→ What you need to do: Please restate the entries verbatim. The copy should hold no pictures.

→ Stored items:
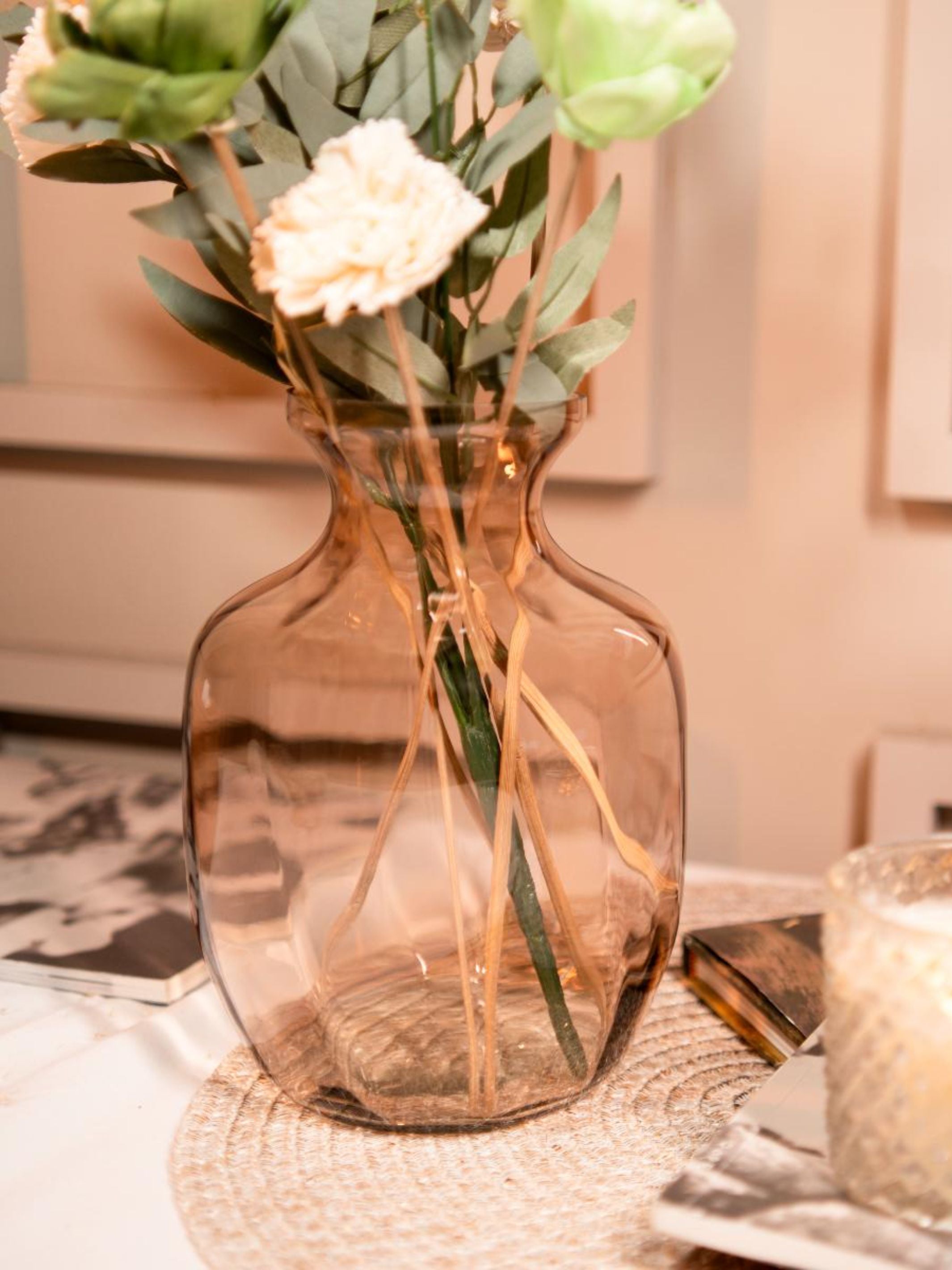 gentle glow vase with bunch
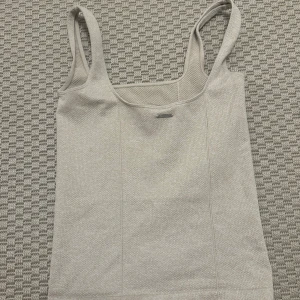 Aimn linne - Linne Aimn  Färg : beige  Strl: S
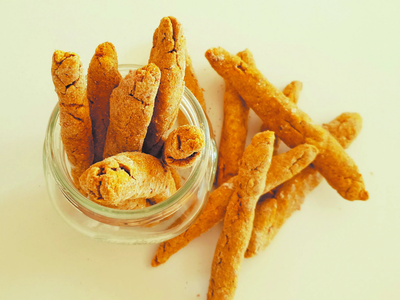Grisines de zanahoria y batata: crocantes, antiinflamatorios y deliciosos, la receta ideal para un snack saludable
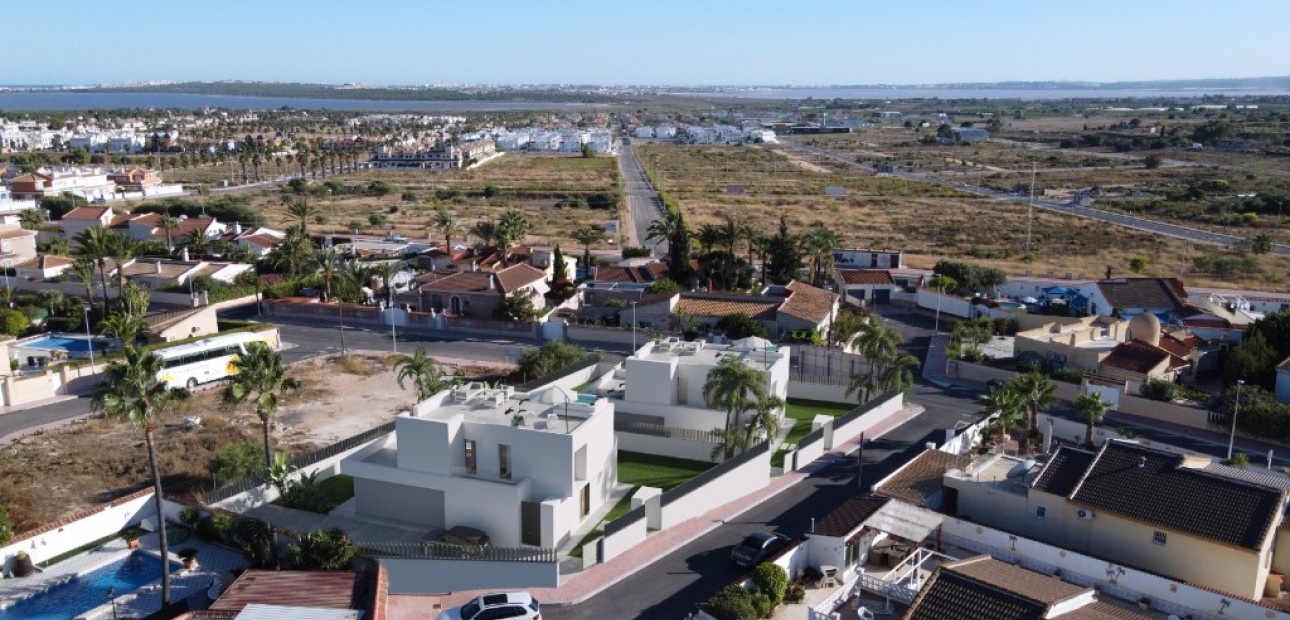 New Build - Villa -
Ciudad Quesada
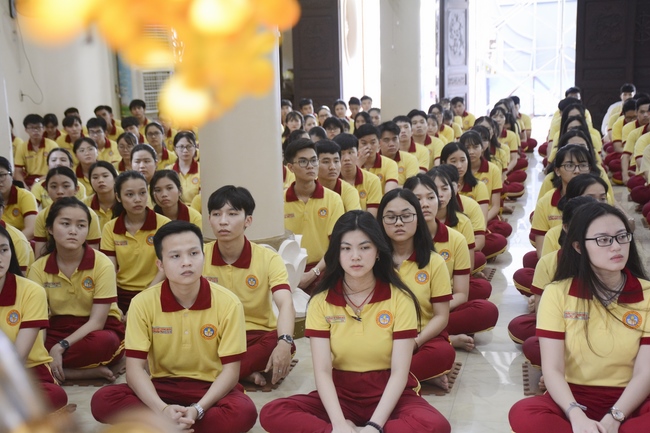 Học sinh trường THPT Thành Nhân cầu nguyện trước kỳ thi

→ Your response:
 gentle glow vase with bunch
 Aimn linne - Linne Aimn  Färg : beige  Strl: S
Grisines de zanahoria y batata: crocantes, antiinflamatorios y deliciosos, la receta ideal para un snack saludable
 New Build - Villa -
Ciudad Quesada
 Học sinh trường THPT Thành Nhân cầu nguyện trước kỳ thi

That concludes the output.